COAST GUARD Cutter Biscayne Bay, a 140-foot ice-breaking tug, sails through ice covered waters toward the shores off Indiana. U.S. Steel said Monday that its largest mill in Gary, Ind., is on limited production after a shortage of vital iron ore due to the ice covering Lake Superior had temporarily shut down its furnaces.
INDIANAPOLIS (AP) - U.S. and Canadian Coast Guard crews kept up their battle Monday to clear pathways for vessels hauling vital raw materials on the ice-clogged Great Lakes, where a shipping logjam forced a weeklong shutdown of the nation's largest steel factory.
Traffic remained largely at a standstill after a winter that produced some of the heaviest ice on record across the five inland seas, where more than half the surface area remained solid this week. Icebreaking ships slogging across Lake Superior were still encountering ice layers 2 to 3 feet thick. In some areas, wind and wave action created walls of ice up to 14 feet high.
United States Steel Corp.'s plant in Gary, Ind., had resumed limited operations after receiving a shipment over the weekend of iron ore from a company mill near Detroit, which was sending one additional load, spokeswoman Courtney Boone said. Two ships were scheduled to arrive Tuesday with ore from mines in northern Minnesota following a two-week voyage across Lake Superior, which ordinarily would take three days.
Other companies were hoping their supplies would be adequate to avoid significant disruptions.
"Nobody's stockpile situation is very good," said Glen Nekvasil, spokesman for the Lake Carriers' Association, which represents companies that operate 57 U.S.-flagged freighters on the Great Lakes. "It's still very slow sledding."
The Gary Works mill produces steel for industries such as construction and auto manufacturing.
Production resumed at one of the mill's three furnaces after Sunday's shipment was received, Boone said. The Gary Works is capable of producing 7.5 million tons of steel per year.
U.S. Steel was able to operate off stockpiles for some time before the ice began affecting production, Boone said.

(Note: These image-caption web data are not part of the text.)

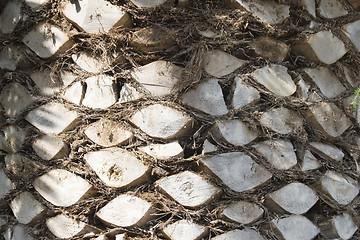 Image showing Backgraund Trunk of a palm tree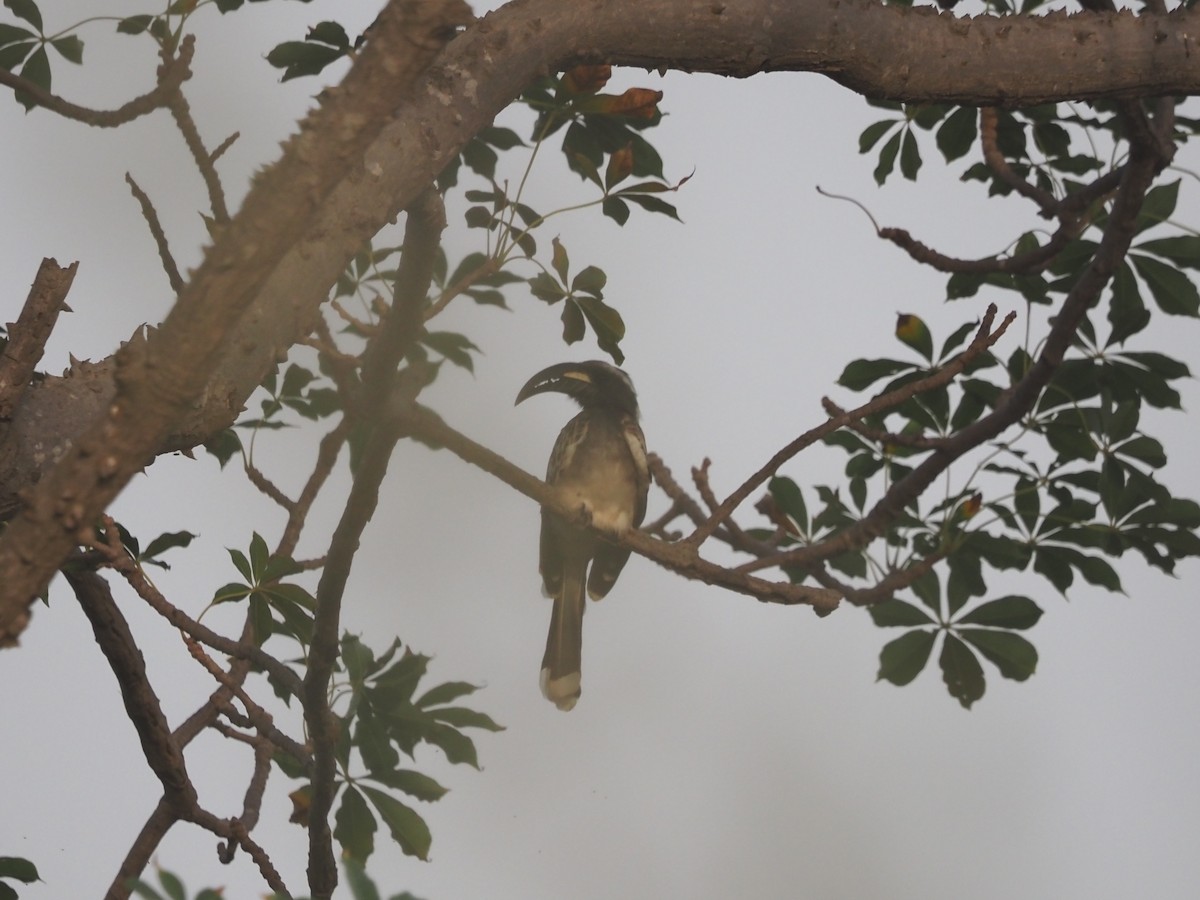 African Gray Hornbill - Guillermo Parral Aguilar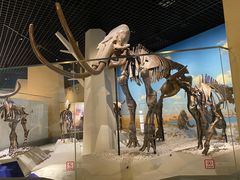 -国家自然博物馆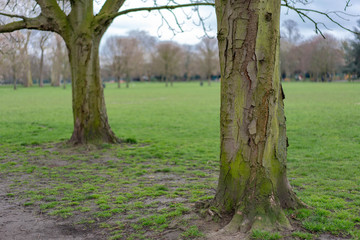 trees in the park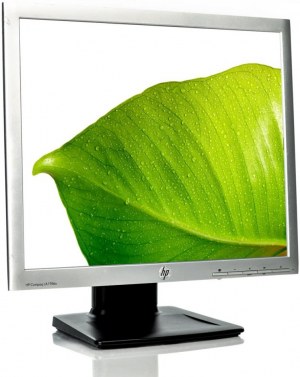Lot Monitors - Ecran Ordinateur 19" HP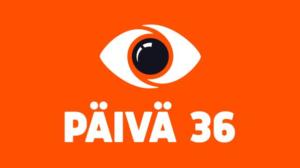 Big Brother Suomi - Onnea ja onnettomuutta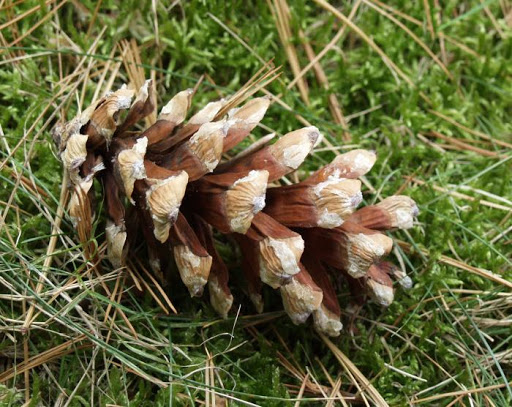 borovice rumelská (Pinus peuce)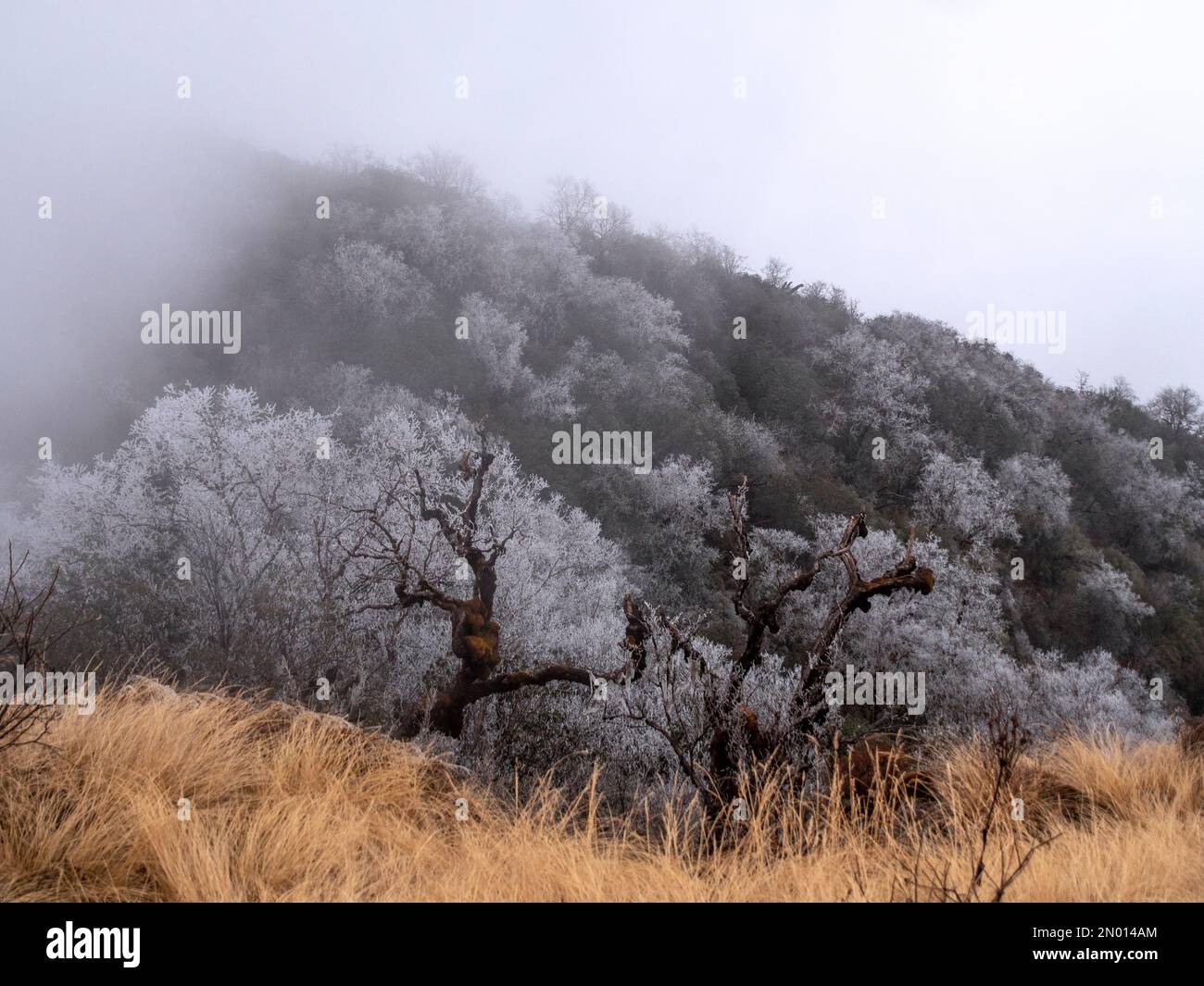 Randonnée Mardi Himal. Forêt de Rhododendron en janvier, feuilles congelées le matin de la brumeuse et herbes séchées. Banque D'Images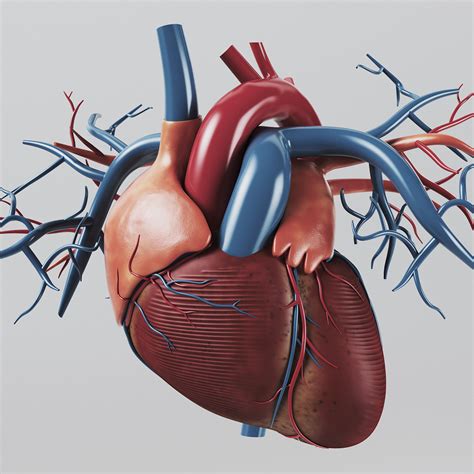 human heart - internal anatomy 3d model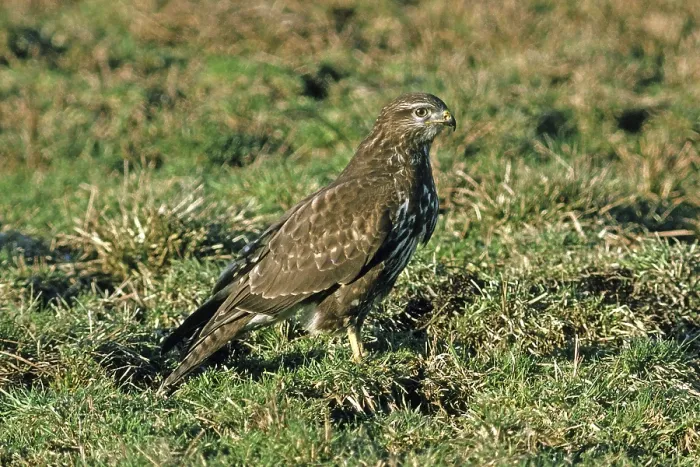 Gerahmter Druck : Schleiereule, Buteo buteo, Schleiereule. Gerahmter Druck : Schleiereule, Buteo buteo, Schleiereule.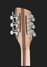 Rickenbacker 360/12 , Natural Walnut: Headstock - Rear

The shipping season officially began two weeks ago with the opening of navigational locks on the St. Marys River connecting Lakes Superior and Huron, a bottleneck for vessels hauling iron ore and coal to manufacturers and electric power plants. But just one convoy of vessels - two Coast Guard icebreakers and the two ships hauling iron ore - have traversed the lake thus far.